(Beginning of COLLECTED DATA)

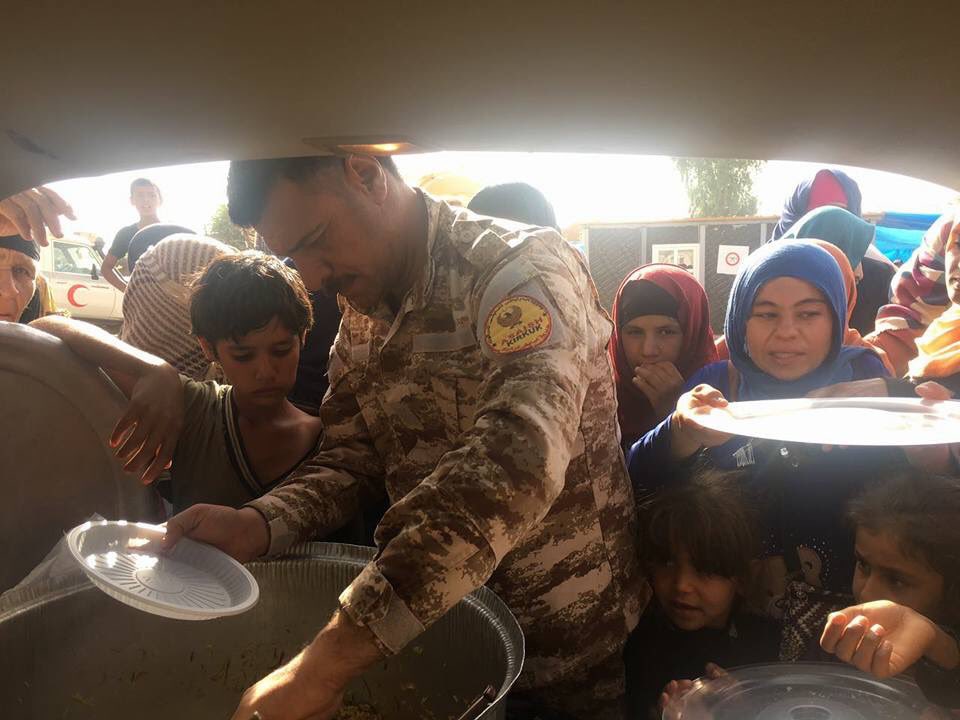 JccKrg's tweet photo. KRG Security Forces in #Dubis, providing hot food to #IDPs from Hawija. So far 4k #IDPs received & assisted. We will continue to support all https://t.co/Dbsg0fye53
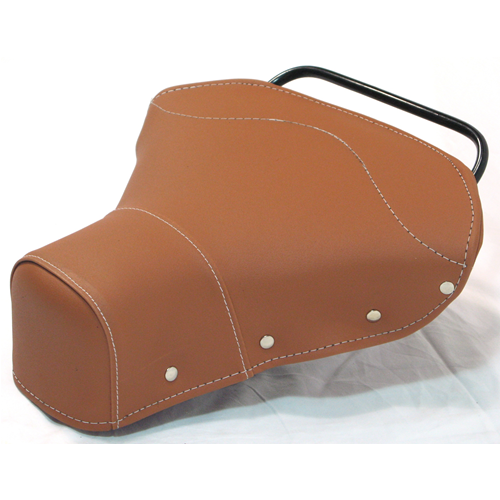Short front triangular saddle in brown leather with studs for VESPA 125 150 PX SPRINT GL GTR TS VBB VBA VNB VNA
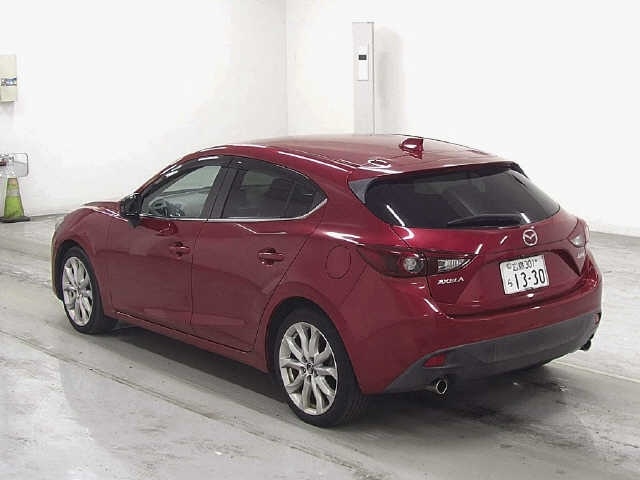 MAZDA AXELA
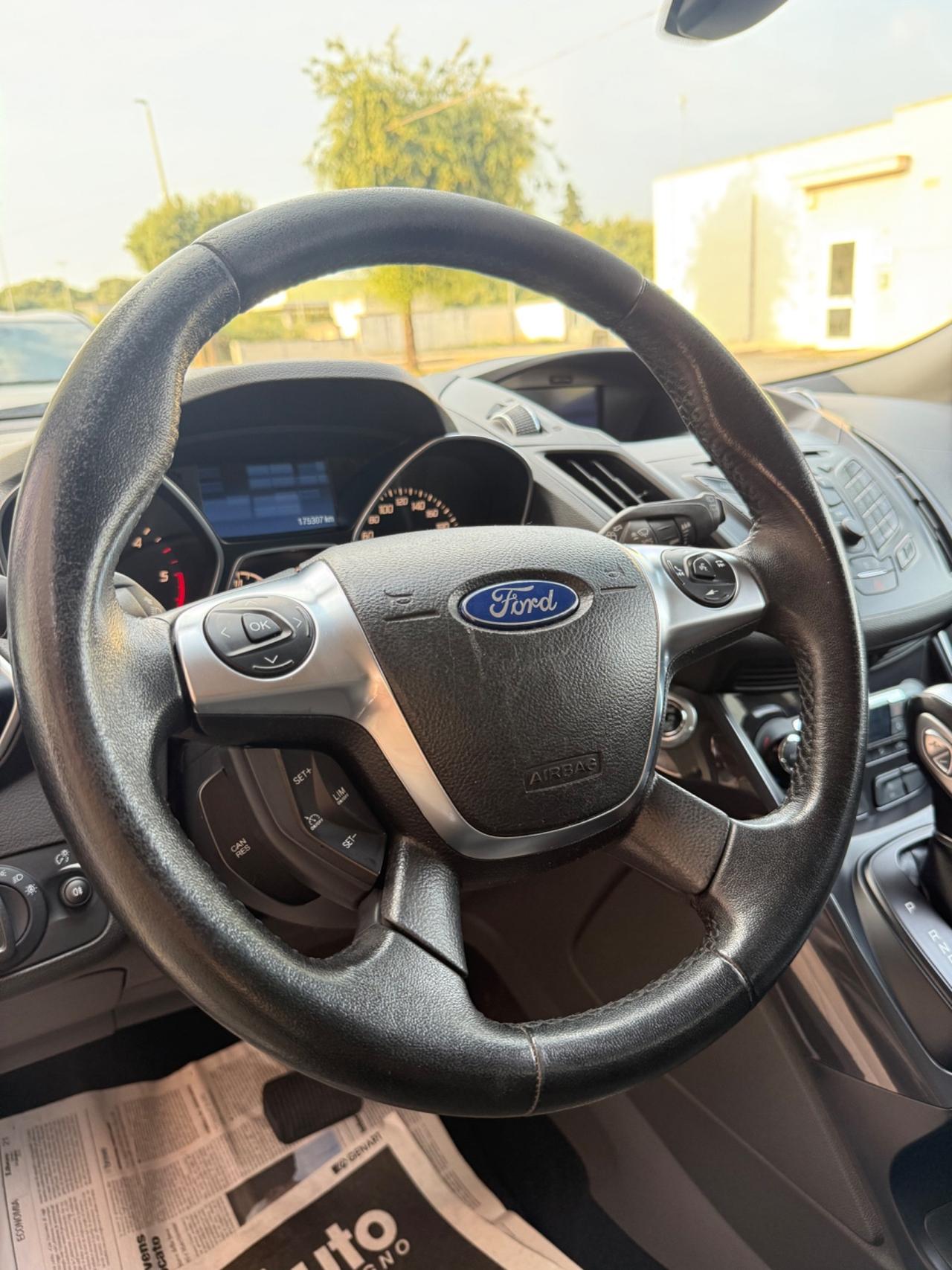 Ford Kuga 2.0 tdci Titanium 4wd 140cv powershift NAVI,PELLE,CAMBIO AUTOMATICO SOSTITUITO NUOVO 05/2025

(End of COLLECTED DATA)

**REQUIREMENT**
All of the data is to be transcribed exactly, with images omitted.

**ANSWER TO THE PROBLEM**
 JccKrg's tweet photo. KRG Security Forces in #Dubis, providing hot food to #IDPs from Hawija. So far 4k #IDPs received & assisted. We will continue to support all https://t.co/Dbsg0fye53
Short front triangular saddle in brown leather with studs for VESPA 125 150 PX SPRINT GL GTR TS VBB VBA VNB VNA
 MAZDA AXELA
 Ford Kuga 2.0 tdci Titanium 4wd 140cv powershift NAVI,PELLE,CAMBIO AUTOMATICO SOSTITUITO NUOVO 05/2025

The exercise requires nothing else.